对于这个特定的testing，stream的速度是集合的两倍左右，并行性并没有帮助（或者我错误地使用它）。

问题：

这个testing是否公平？我犯了什么错误吗？
stream比集合慢吗？有没有人在这方面做出了很好的正式标准？
我应该争取哪种方法？

更新结果。

在JVM热身（1k次迭代）之后，我按照@pveentjer的build议1k次运行testing：

  Collections: Average time: 206884437,000000 ns (0,206884 seconds) Streams: Average time: 98366725,000000 ns (0,098367 seconds) Parallel streams: Average time: 167703705,000000 ns (0,167704 seconds)

在这种情况下，stream更加高效。我想知道在过滤函数在运行时只被调用一次或两次的应用程序中会出现什么情况。

停止使用LinkedList的任何东西，但使用迭代器从列表中间大量删除。
停止用手写基准代码，使用JMH 。

适当的基准：

 @OutputTimeUnit(TimeUnit.NANOSECONDS) @BenchmarkMode(Mode.AverageTime) @OperationsPerInvocation(StreamVsVanilla.N) public class StreamVsVanilla { public static final int N = 10000; static List<Integer> sourceList = new ArrayList<>(); static { for (int i = 0; i < N; i++) { sourceList.add(i); } } @Benchmark public List<Double> vanilla() { List<Double> result = new ArrayList<>(sourceList.size() / 2 + 1); for (Integer i : sourceList) { if (i % 2 == 0){ result.add(Math.sqrt(i)); } } return result; } @Benchmark public List<Double> stream() { return sourceList.stream() .filter(i -> i % 2 == 0) .map(Math::sqrt) .collect(Collectors.toCollection( () -> new ArrayList<>(sourceList.size() / 2 + 1))); } }

结果：

 Benchmark Mode Samples Mean Mean error Units StreamVsVanilla.stream avgt 10 17.588 0.230 ns/op StreamVsVanilla.vanilla avgt 10 10.796 0.063 ns/op

正如我所期望的，实施stream程相当慢。 JIT能够内联所有lambda的东西，但不会像vanilla版本那样产生完美简洁的代码。

一般来说，Java 8stream不是一种魔术。他们不能加速已经实现的很好的东西（可能是简单的迭代或Java 5的for-each语句replace为Iterable.forEach()和Collection.removeIf()调用）。 stream更多的是关于编码的便利性和安全性。便利 – 快速折衷在这里工作。

1）使用基准testing，你会看到less于1秒的时间。这意味着可能会对您的结果产生强烈的副作用影响。所以，我增加了10次你的任务

  int max = 10000000;

并运行你的基准。我的结果：

 Collections: Elapsed time: 8592999350 ns (8.592999 seconds) Streams: Elapsed time: 2068208058 ns (2.068208 seconds) Parallel streams: Elapsed time: 7186967071 ns (7.186967 seconds)

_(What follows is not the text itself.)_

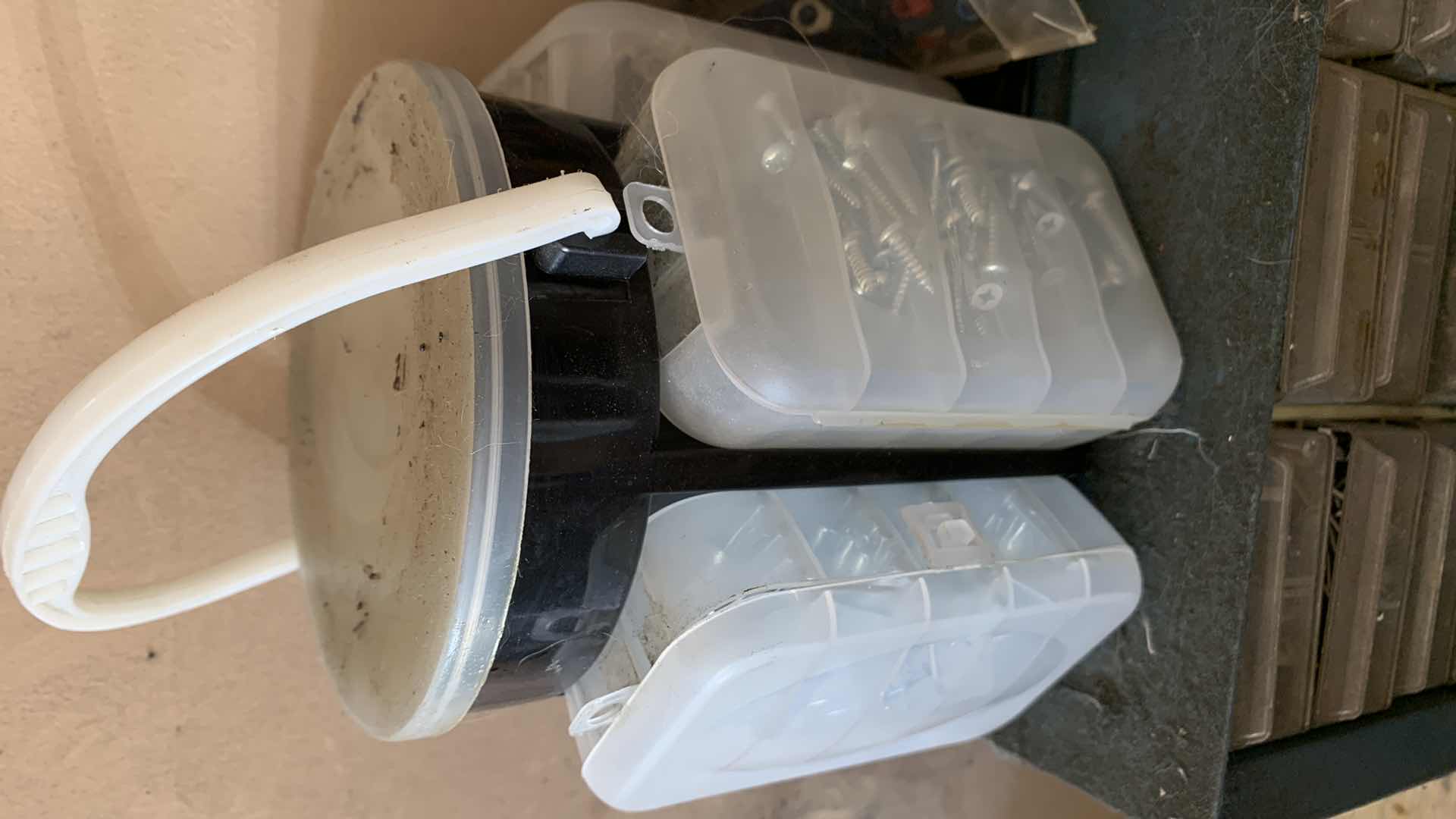 Photo 1 of CONTAINERS OF ASSORTED SCREWS AND CONNECTORS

没有编辑（ int max = 1000000 ）的结果

 Collections: Elapsed time: 113373057 ns (0.113373 seconds) Streams: Elapsed time: 135570440 ns (0.135570 seconds) Parallel streams: Elapsed time: 104091980 ns (0.104092 seconds)

这就像你的结果：stream比收集慢。 结论：很多时间花在stream初始化/值传输上。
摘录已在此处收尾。